*What is needed:*
The expected output is the exact lines from the one containing "平成25年9月台風18号の水害写真" through the end of the data, inclusive, and nothing else.

*Dataset excerpts:*
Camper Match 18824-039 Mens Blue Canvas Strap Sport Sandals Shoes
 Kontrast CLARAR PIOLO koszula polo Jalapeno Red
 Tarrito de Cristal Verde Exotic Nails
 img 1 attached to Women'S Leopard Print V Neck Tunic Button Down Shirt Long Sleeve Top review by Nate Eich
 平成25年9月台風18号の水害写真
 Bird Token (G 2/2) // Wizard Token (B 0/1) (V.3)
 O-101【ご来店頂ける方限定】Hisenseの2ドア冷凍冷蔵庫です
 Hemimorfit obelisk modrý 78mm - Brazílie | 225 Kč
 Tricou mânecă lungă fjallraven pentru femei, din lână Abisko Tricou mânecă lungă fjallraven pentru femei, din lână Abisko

*Reply to the exercise:*
 平成25年9月台風18号の水害写真
 Bird Token (G 2/2) // Wizard Token (B 0/1) (V.3)
 O-101【ご来店頂ける方限定】Hisenseの2ドア冷凍冷蔵庫です
 Hemimorfit obelisk modrý 78mm - Brazílie | 225 Kč
 Tricou mânecă lungă fjallraven pentru femei, din lână Abisko Tricou mânecă lungă fjallraven pentru femei, din lână Abisko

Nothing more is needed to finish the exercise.